Peace never came about through victory but only through justice and there is no justice in the neo con crowd. It still seem surreal that the know nothing GWB was presdent, we must have been the laughing stock of the world, the neo con point man. Lets face it the Taliban and the neo con war lovers are just opposite sides of the same coin, they speak the same language, seek the same power to force others to conform to their view.
Afghanistan should be left to its own devices, if they want to be free let them fight for it to throw off their oppressors, unfortunately their oppressors are religious extremeists and speak for God, now that should sound familiar. its so "American".
There are times one could jump out of the basement window!! I think Vermont should go through with its secessionist movement, I'd emigrate.
are neo-cons still running the show? last I looked it is Obama. Hope and Change Obama. And yes I agree, all the former anti-war protesters that are now for war need to enlist.

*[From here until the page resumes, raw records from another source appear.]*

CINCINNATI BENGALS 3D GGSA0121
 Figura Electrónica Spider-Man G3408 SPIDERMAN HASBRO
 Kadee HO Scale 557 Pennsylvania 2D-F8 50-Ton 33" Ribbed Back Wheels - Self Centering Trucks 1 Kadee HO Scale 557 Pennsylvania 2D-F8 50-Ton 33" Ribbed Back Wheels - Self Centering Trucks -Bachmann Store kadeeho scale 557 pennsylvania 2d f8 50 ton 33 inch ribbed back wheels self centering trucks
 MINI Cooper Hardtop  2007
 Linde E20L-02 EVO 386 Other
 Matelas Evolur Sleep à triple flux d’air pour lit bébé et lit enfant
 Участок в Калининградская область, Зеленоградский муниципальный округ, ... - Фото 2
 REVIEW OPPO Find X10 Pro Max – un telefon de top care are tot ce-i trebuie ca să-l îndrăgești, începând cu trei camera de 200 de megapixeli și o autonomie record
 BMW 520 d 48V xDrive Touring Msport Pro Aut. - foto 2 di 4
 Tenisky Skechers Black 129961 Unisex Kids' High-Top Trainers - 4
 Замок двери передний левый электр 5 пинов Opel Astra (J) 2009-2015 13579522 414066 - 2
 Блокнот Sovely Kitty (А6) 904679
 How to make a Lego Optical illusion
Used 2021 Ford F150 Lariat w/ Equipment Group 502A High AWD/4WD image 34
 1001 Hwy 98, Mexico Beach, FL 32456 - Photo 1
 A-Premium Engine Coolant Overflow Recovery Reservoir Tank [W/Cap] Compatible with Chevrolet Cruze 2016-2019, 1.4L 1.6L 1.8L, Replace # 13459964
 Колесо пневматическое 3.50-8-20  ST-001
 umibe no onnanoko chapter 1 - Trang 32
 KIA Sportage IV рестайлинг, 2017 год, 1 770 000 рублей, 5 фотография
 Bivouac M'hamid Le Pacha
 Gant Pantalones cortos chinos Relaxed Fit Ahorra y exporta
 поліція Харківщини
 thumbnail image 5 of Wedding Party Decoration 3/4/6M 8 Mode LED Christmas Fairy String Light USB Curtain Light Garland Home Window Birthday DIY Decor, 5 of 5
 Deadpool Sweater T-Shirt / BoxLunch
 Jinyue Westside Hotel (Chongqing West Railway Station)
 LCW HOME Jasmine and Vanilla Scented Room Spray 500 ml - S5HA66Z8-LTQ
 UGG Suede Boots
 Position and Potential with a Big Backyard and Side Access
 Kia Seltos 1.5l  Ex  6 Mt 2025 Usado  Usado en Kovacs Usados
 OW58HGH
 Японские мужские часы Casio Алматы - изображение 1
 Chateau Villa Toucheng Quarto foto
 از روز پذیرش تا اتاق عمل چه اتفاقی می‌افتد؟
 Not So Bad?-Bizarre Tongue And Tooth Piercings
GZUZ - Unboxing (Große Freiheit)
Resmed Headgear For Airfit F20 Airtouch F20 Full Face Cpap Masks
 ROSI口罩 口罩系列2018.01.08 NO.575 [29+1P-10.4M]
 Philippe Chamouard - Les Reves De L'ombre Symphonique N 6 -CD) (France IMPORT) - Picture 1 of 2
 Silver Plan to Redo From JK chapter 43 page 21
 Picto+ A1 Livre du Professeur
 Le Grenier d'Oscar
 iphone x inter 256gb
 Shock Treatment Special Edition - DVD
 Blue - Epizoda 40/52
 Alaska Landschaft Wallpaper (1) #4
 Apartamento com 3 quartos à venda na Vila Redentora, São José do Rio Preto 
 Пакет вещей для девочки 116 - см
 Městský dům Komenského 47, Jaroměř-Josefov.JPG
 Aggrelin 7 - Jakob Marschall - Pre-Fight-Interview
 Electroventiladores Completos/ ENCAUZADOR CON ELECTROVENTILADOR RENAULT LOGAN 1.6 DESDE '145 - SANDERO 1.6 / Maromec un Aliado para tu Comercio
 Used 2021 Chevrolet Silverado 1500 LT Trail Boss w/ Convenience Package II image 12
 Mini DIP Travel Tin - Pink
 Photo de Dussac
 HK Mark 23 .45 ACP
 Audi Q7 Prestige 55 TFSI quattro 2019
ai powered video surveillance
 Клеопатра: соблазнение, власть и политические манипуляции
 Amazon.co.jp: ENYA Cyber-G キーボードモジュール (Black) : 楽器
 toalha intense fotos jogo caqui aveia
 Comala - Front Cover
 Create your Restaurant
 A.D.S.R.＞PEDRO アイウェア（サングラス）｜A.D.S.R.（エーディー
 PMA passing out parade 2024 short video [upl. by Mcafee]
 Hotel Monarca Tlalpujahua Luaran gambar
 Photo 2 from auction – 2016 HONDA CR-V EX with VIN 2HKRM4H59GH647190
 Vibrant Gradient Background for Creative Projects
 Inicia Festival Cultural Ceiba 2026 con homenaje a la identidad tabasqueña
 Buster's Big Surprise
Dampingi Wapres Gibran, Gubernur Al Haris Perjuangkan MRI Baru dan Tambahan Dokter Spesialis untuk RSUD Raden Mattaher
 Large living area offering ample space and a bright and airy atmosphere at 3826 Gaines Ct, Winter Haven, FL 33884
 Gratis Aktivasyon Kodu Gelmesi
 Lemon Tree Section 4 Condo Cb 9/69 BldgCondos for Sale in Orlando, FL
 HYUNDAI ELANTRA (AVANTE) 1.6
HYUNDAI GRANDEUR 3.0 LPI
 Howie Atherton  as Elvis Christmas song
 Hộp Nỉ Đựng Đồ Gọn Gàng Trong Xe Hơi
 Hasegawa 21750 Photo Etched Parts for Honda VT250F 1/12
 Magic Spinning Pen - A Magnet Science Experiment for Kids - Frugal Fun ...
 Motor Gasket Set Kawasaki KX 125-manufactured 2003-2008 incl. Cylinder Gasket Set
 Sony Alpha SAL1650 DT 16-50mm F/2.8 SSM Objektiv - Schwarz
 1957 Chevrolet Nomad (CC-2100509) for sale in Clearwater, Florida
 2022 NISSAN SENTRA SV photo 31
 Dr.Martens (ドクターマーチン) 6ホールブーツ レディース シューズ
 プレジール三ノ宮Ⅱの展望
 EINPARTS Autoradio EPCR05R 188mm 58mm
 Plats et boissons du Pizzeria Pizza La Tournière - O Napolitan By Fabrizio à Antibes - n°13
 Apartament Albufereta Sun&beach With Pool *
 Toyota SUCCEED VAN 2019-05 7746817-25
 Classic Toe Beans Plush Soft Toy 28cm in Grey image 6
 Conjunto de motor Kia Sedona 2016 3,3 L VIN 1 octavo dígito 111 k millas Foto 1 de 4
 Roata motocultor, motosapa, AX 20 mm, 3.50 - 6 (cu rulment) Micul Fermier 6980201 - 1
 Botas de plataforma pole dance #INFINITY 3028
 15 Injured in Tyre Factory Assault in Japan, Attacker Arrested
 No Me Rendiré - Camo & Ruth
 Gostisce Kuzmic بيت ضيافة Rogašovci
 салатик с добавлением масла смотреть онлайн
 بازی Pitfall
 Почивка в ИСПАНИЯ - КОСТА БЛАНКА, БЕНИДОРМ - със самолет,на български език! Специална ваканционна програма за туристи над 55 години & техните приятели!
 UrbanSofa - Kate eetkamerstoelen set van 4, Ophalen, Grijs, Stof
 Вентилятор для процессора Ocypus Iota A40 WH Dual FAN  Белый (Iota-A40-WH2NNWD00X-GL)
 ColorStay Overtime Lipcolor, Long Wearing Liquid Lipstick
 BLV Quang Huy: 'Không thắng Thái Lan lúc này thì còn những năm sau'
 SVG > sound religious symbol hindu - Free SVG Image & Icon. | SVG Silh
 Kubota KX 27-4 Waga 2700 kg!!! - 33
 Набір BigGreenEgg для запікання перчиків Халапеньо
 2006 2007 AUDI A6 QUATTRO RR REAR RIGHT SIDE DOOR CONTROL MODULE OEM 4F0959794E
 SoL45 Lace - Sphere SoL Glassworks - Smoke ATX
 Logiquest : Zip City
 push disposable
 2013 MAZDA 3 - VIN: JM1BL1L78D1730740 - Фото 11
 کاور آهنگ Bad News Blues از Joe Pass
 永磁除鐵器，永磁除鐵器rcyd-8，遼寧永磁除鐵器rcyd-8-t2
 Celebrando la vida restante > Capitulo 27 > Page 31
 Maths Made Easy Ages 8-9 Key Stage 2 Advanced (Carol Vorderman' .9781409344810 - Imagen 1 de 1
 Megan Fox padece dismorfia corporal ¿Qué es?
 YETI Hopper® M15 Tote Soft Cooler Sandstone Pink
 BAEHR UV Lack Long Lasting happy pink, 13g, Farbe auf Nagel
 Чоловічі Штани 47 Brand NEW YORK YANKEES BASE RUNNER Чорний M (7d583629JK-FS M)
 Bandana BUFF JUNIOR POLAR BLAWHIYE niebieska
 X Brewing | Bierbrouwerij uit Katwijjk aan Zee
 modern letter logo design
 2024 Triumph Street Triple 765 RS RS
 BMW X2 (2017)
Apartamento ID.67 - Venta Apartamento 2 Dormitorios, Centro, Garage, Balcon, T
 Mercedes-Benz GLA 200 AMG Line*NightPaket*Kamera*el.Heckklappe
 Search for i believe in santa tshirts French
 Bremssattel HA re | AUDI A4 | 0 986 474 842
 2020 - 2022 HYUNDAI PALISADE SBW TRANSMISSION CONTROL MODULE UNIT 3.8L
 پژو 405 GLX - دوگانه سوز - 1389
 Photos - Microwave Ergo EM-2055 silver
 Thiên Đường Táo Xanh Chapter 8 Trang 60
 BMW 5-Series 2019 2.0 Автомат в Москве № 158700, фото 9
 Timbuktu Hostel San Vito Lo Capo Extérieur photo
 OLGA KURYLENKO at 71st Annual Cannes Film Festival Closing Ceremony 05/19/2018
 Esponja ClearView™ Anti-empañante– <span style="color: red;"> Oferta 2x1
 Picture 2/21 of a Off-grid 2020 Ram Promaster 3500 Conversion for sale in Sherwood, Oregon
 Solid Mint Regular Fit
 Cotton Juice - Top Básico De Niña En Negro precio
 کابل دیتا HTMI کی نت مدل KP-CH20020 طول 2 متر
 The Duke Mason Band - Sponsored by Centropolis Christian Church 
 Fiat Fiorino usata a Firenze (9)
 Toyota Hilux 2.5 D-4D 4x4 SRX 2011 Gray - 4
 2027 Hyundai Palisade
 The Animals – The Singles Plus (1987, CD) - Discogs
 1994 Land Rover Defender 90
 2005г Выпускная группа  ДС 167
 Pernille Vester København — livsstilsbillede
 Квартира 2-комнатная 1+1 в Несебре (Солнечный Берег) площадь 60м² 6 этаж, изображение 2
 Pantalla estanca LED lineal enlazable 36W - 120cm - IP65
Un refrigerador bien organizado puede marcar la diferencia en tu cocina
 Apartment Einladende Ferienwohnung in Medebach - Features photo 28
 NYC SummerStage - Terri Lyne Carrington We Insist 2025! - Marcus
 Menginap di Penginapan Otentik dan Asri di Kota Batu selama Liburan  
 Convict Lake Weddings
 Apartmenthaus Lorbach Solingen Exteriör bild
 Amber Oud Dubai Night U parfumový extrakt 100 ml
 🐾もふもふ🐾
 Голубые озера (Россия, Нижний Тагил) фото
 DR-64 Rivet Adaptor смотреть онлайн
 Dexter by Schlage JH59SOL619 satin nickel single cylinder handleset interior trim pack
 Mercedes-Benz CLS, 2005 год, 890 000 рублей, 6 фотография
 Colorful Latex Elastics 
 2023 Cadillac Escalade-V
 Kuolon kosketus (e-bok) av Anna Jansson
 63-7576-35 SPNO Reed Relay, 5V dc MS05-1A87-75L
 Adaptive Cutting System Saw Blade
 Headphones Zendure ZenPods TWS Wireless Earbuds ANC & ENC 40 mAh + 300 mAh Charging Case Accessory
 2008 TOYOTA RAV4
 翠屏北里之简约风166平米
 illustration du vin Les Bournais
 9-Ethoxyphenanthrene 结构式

John McCain was the Keynote speaker for the FPI coming out party some months ago when they advocated for more war In Af and beyond (wherever Arabs live?)
This is just Tel-Aviv pushing DC again. NeoCON was never anything but a polite non-way of saying Tel-Aviv. The FPI is the same. They perpetrated 9-11, "we need a new Pear Harbor, BANG!," and they're driving AfPak too-that is why so many posters ask, "whay are we there?" it is murky and unclear if looked at through an unfiltered lens.
Yawn and tears too.
This whole article is about stale thinking. Not to mention representative of the psychotic quip about doing the same thing over and over and expecting different results.
We should probably readdress the issue with behind the scenes talks about redrawing boundaries. The Brits redrew these boundaries, I thought in the late 19th century but recently read 1945. Give the Pashtuns back their country and let Northern Afghanistan be another country. I don't think the Pakistanis would particularly miss the tribal areas that are Pashtun. Ethnic and cultural divisions are at the heart of the internal conflicts and outside pressure magnifies them.
First of all the fact that obomber is following a script done by PNAC/FPI is beyond revolting.
Furthermore the lanuge that they so love is totally insane. Try reading that stuff and tell me what part makes sense. Afghanistan is the only place in the world where any potential terror plot could be hatched? if we can get the Taliban under our thumb (we can't) there will be no more terror? somebody gave him al-Qaeda's (non-existant) address?
I'm serious. It's true madness. Political speech has always been maybe empty or meaningless. I know that. This is something else, and people are getting killed for it.
I don't know everyone who signed that letter. After I saw Kristol, and Paul Bremer, I pretty much knew we are in la la land.